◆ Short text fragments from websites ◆
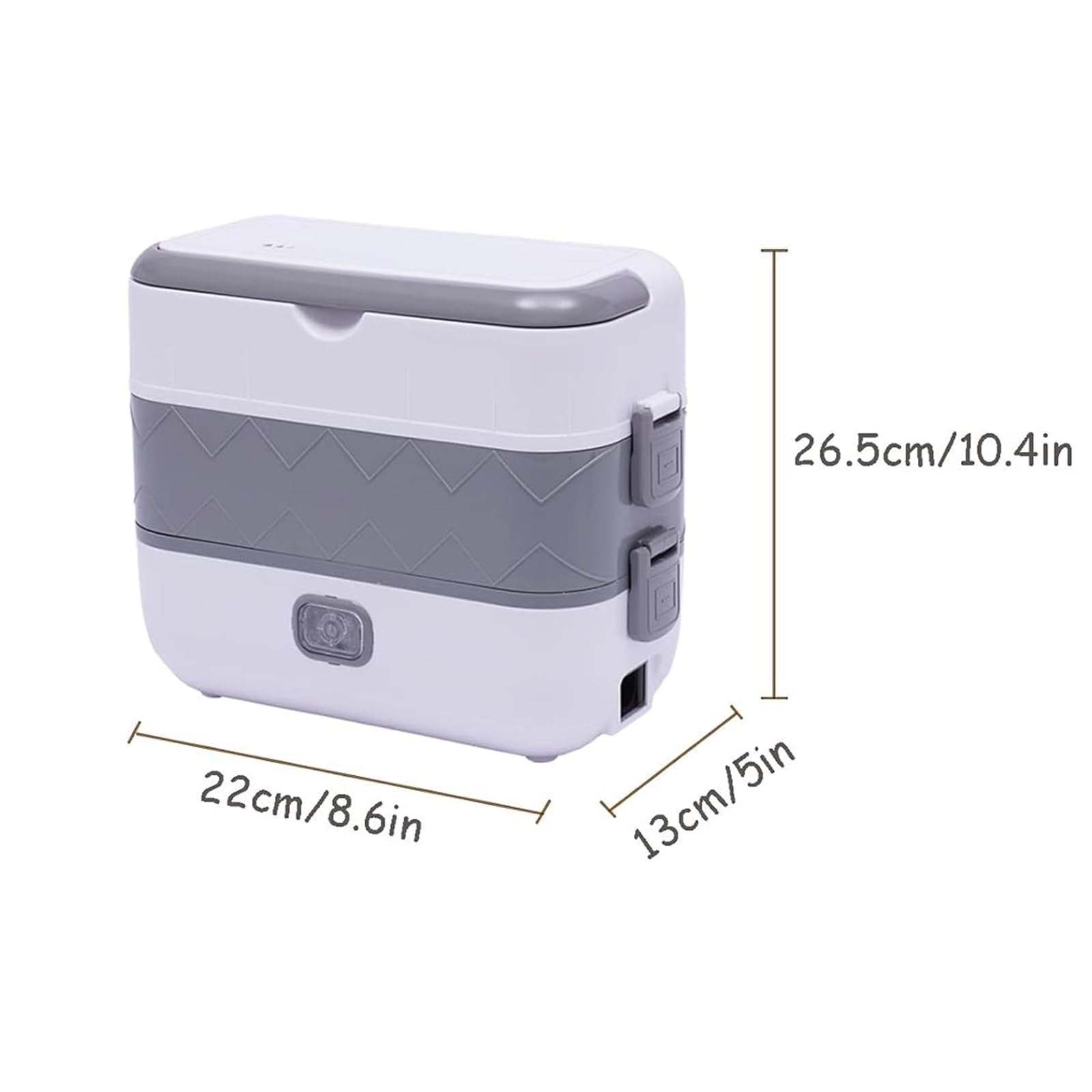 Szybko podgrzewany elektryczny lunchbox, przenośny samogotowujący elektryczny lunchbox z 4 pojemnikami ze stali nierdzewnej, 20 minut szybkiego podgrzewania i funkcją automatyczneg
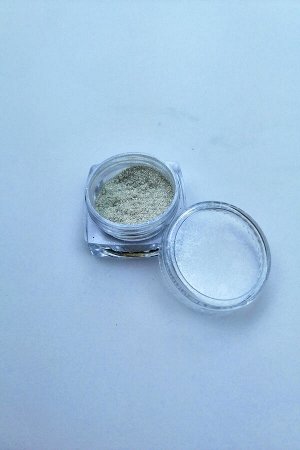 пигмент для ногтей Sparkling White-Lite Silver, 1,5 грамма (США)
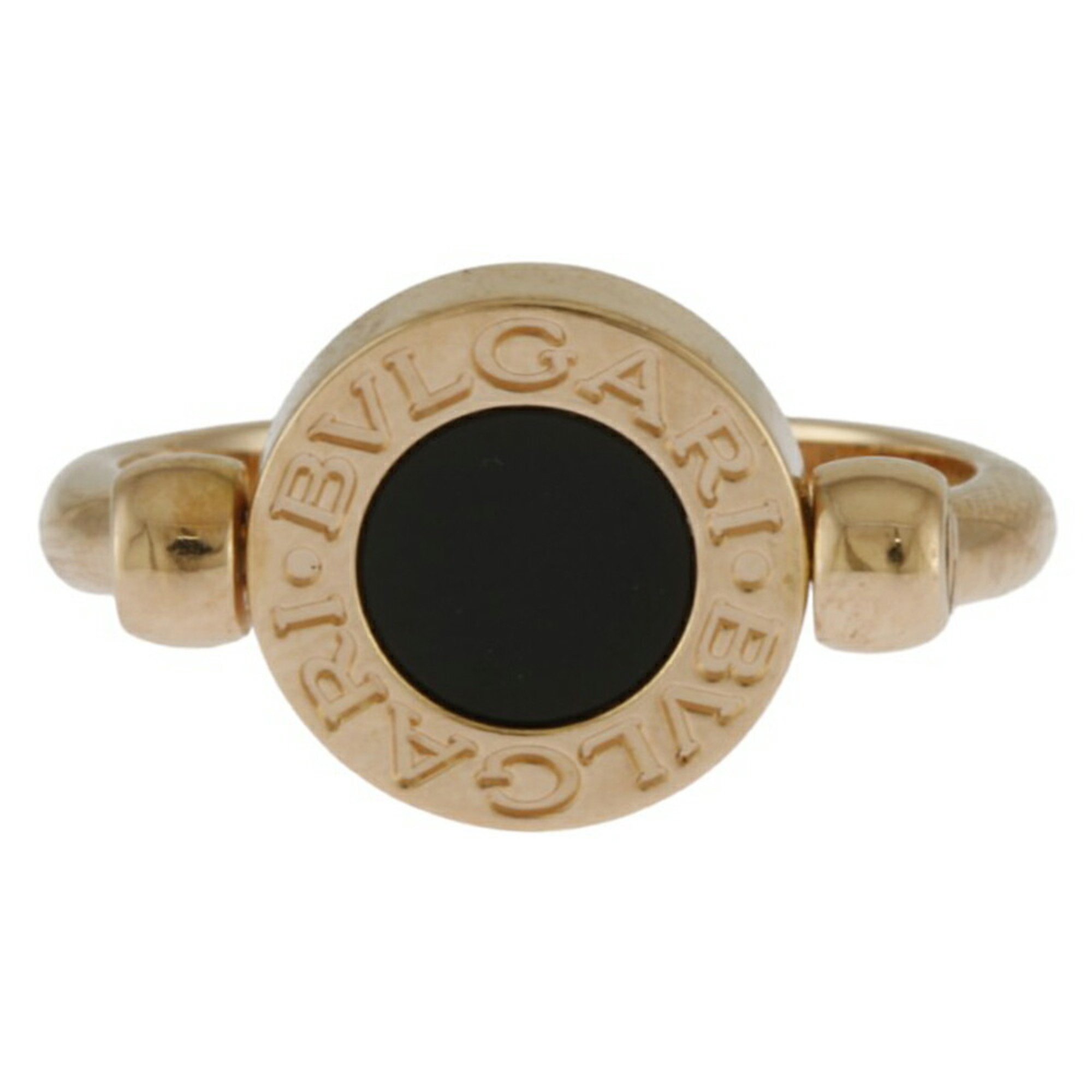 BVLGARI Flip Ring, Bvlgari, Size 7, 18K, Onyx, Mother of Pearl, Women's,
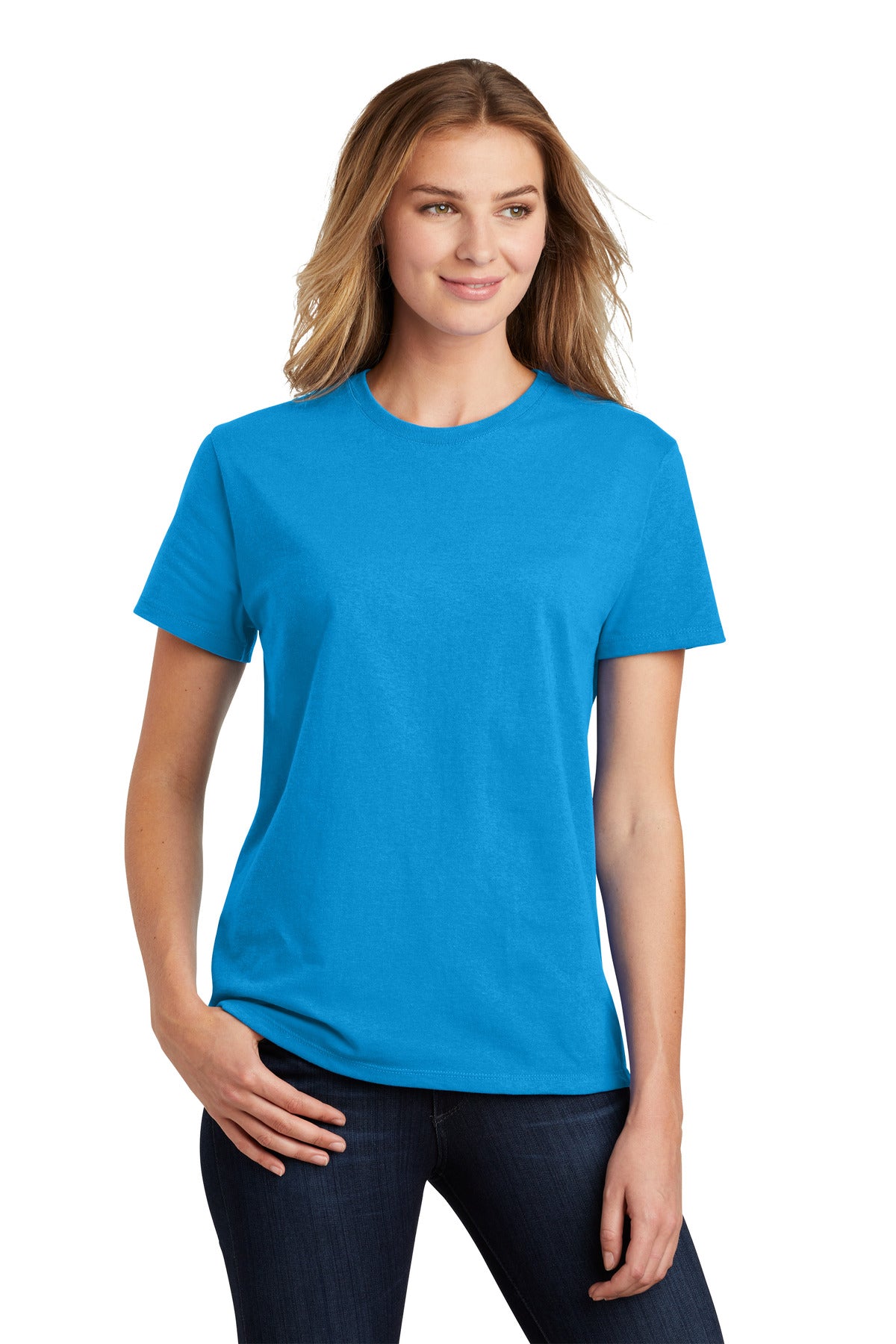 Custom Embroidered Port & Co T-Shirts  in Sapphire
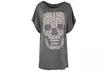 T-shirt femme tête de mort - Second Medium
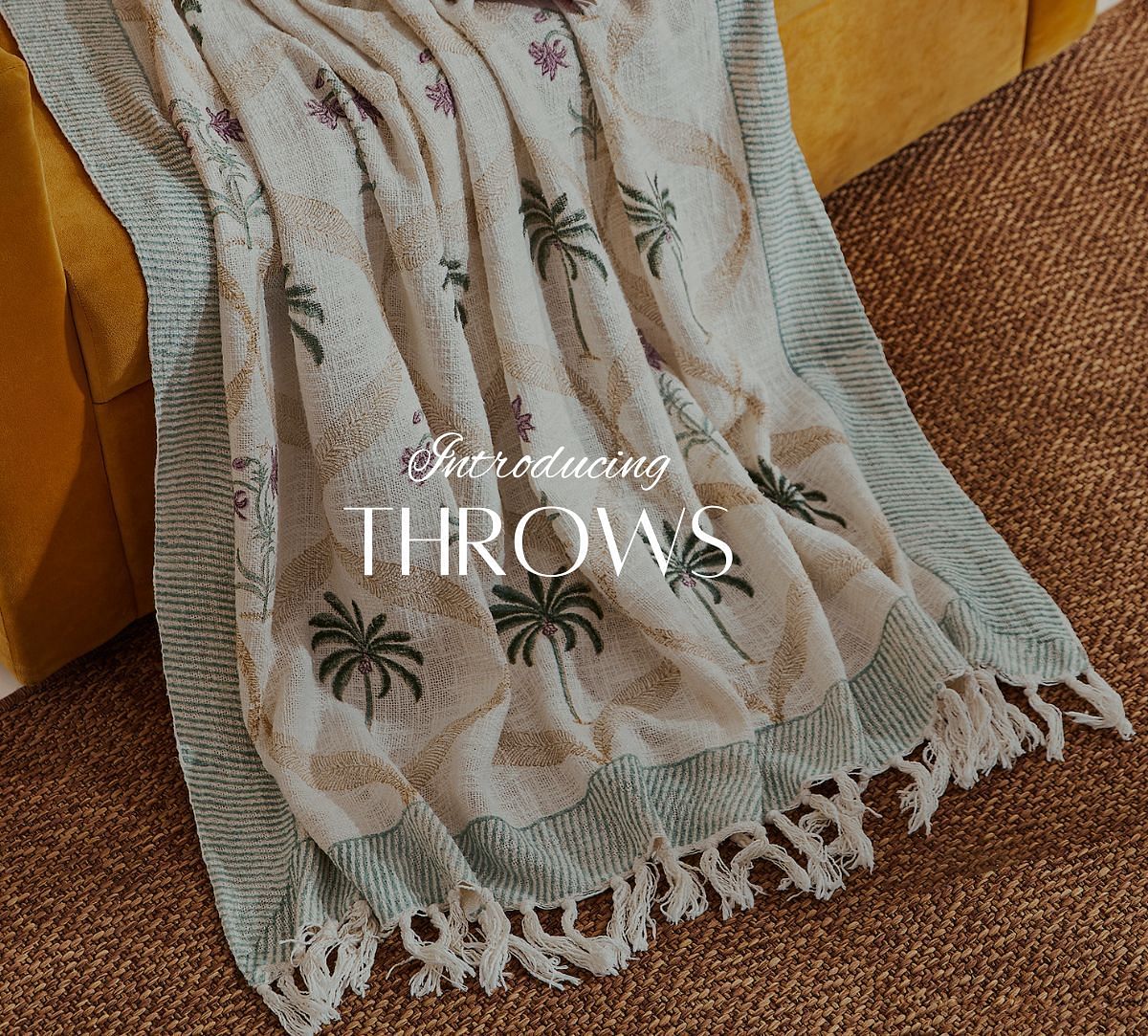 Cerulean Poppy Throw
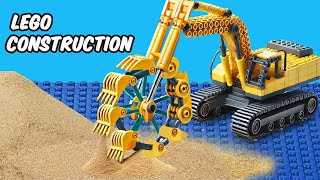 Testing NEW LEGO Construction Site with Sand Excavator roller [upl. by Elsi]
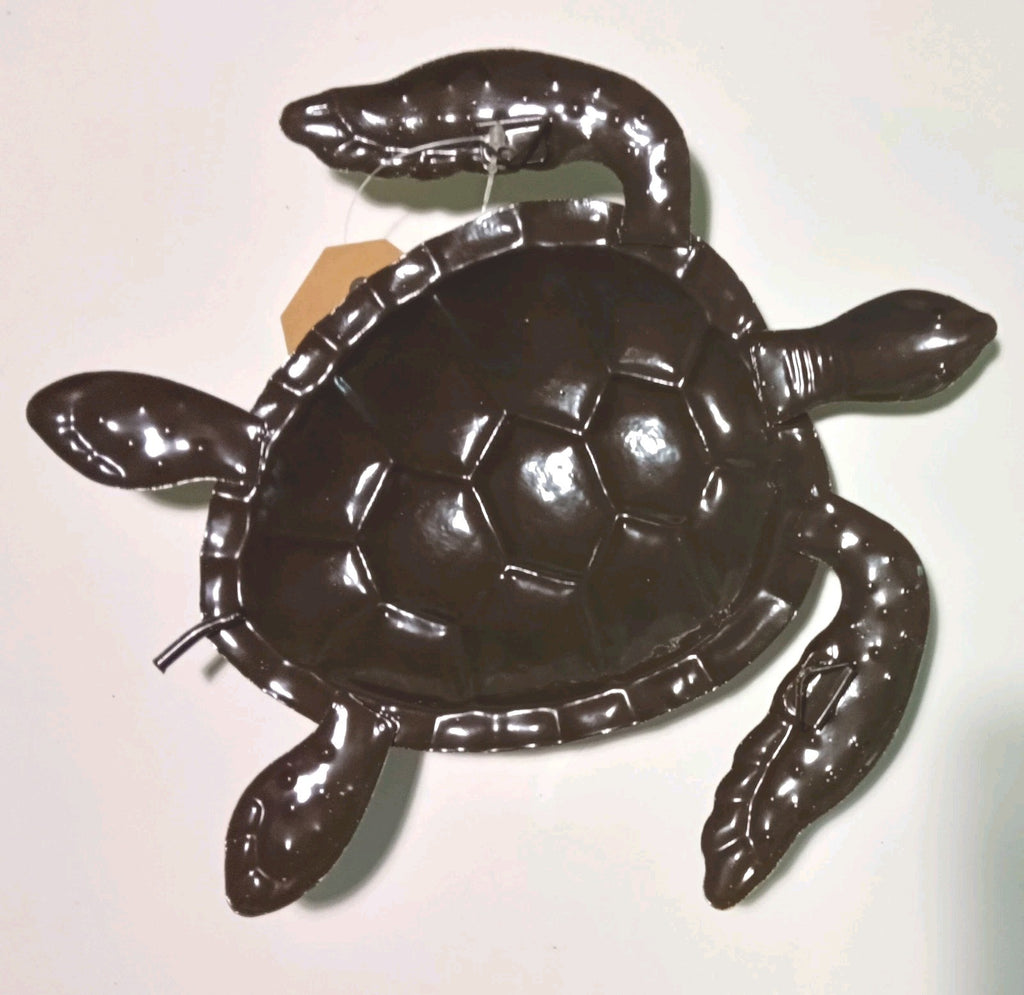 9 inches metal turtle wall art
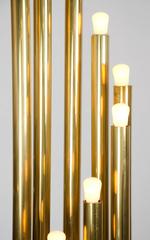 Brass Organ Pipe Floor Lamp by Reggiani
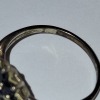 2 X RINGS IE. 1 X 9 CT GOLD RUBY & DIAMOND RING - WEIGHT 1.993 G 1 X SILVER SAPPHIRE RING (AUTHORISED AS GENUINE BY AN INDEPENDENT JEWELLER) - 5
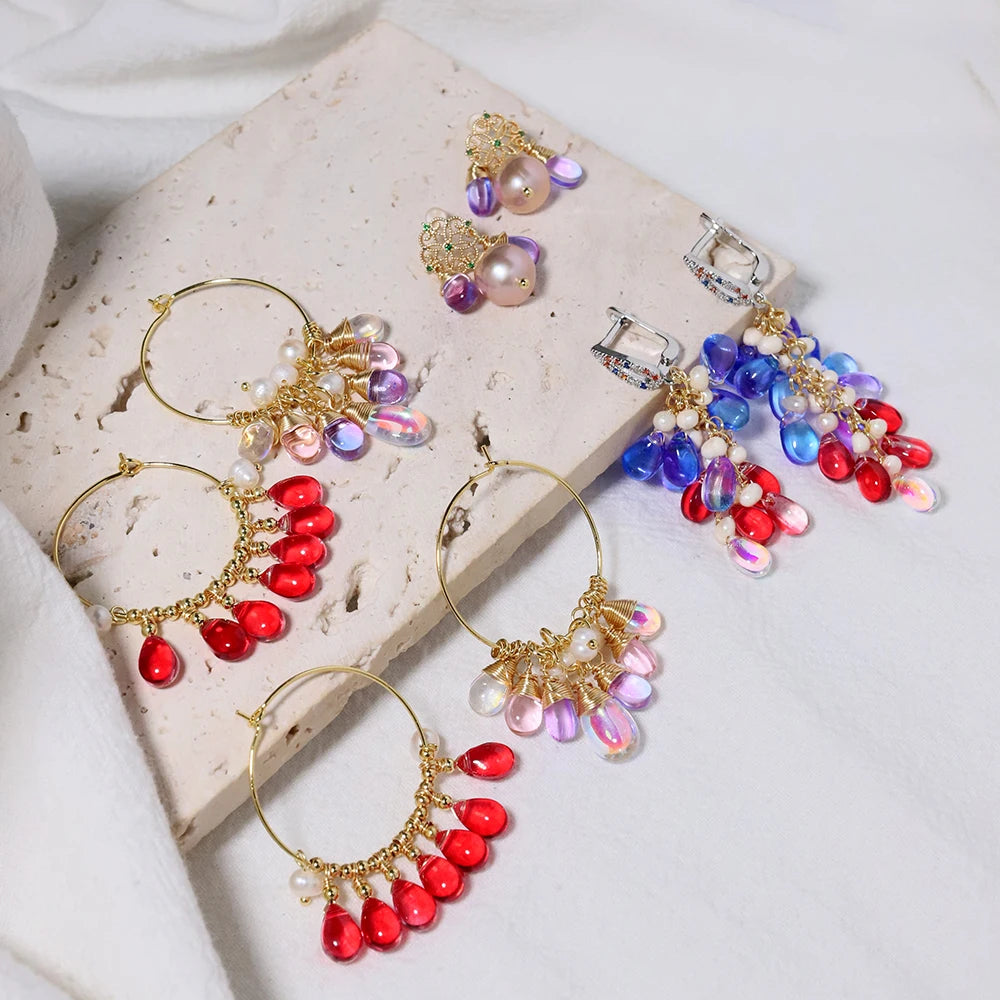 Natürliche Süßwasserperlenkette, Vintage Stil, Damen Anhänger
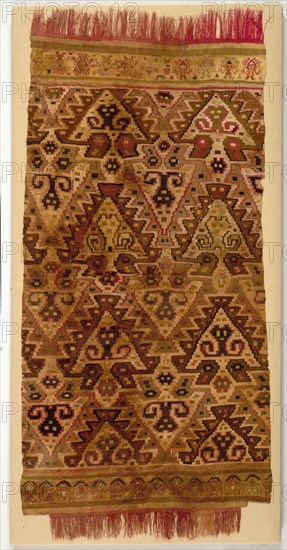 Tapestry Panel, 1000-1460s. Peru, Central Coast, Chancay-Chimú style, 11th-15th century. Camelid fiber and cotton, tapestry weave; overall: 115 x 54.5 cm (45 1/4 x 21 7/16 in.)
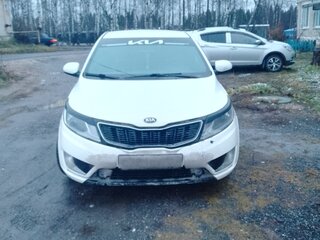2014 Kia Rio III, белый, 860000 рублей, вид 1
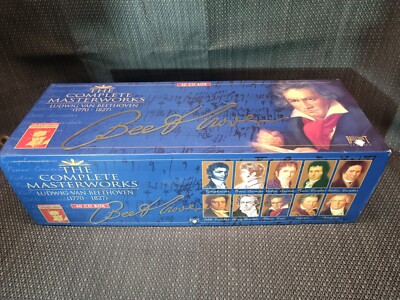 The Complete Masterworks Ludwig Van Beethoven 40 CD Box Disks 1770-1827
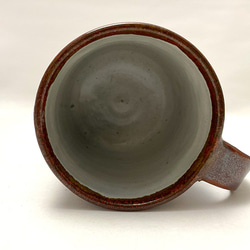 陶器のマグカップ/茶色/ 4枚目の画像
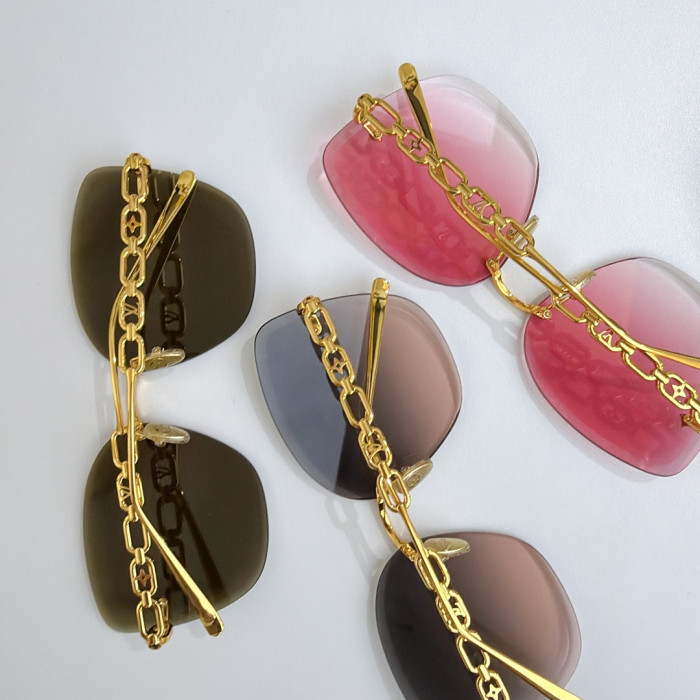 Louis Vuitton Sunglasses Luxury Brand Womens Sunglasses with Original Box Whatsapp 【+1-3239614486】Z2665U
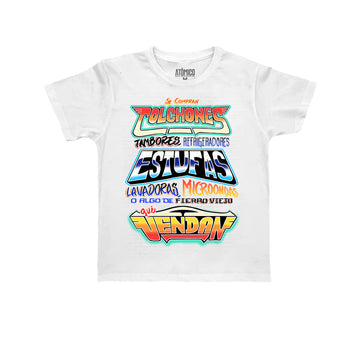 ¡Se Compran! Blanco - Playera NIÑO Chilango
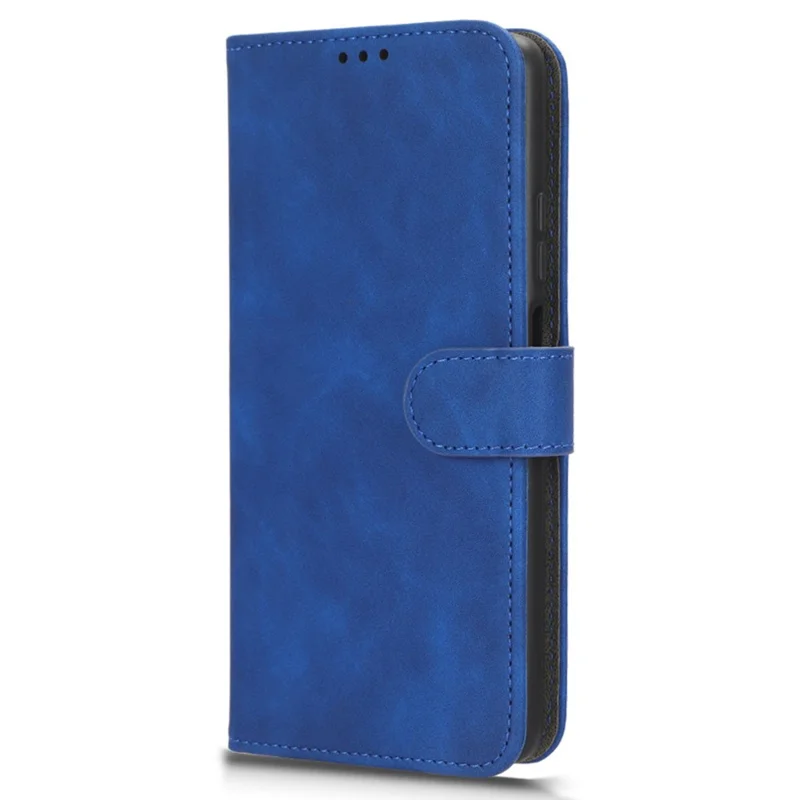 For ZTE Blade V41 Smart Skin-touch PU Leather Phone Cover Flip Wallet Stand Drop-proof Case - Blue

◆ Assignment ◆
Send back the data above verbatim, leaving out its pictures.

◆ Completed task ◆
 Szybko podgrzewany elektryczny lunchbox, przenośny samogotowujący elektryczny lunchbox z 4 pojemnikami ze stali nierdzewnej, 20 minut szybkiego podgrzewania i funkcją automatyczneg
 пигмент для ногтей Sparkling White-Lite Silver, 1,5 грамма (США)
 BVLGARI Flip Ring, Bvlgari, Size 7, 18K, Onyx, Mother of Pearl, Women's,
 Custom Embroidered Port & Co T-Shirts  in Sapphire
 T-shirt femme tête de mort - Second Medium
 Cerulean Poppy Throw
 Testing NEW LEGO Construction Site with Sand Excavator roller [upl. by Elsi]
 9 inches metal turtle wall art
 Brass Organ Pipe Floor Lamp by Reggiani
 2 X RINGS IE. 1 X 9 CT GOLD RUBY & DIAMOND RING - WEIGHT 1.993 G 1 X SILVER SAPPHIRE RING (AUTHORISED AS GENUINE BY AN INDEPENDENT JEWELLER) - 5
 Natürliche Süßwasserperlenkette, Vintage Stil, Damen Anhänger
 Tapestry Panel, 1000-1460s. Peru, Central Coast, Chancay-Chimú style, 11th-15th century. Camelid fiber and cotton, tapestry weave; overall: 115 x 54.5 cm (45 1/4 x 21 7/16 in.)
2014 Kia Rio III, белый, 860000 рублей, вид 1
 The Complete Masterworks Ludwig Van Beethoven 40 CD Box Disks 1770-1827
 陶器のマグカップ/茶色/ 4枚目の画像
 Louis Vuitton Sunglasses Luxury Brand Womens Sunglasses with Original Box Whatsapp 【+1-3239614486】Z2665U
 ¡Se Compran! Blanco - Playera NIÑO Chilango
 For ZTE Blade V41 Smart Skin-touch PU Leather Phone Cover Flip Wallet Stand Drop-proof Case - Blue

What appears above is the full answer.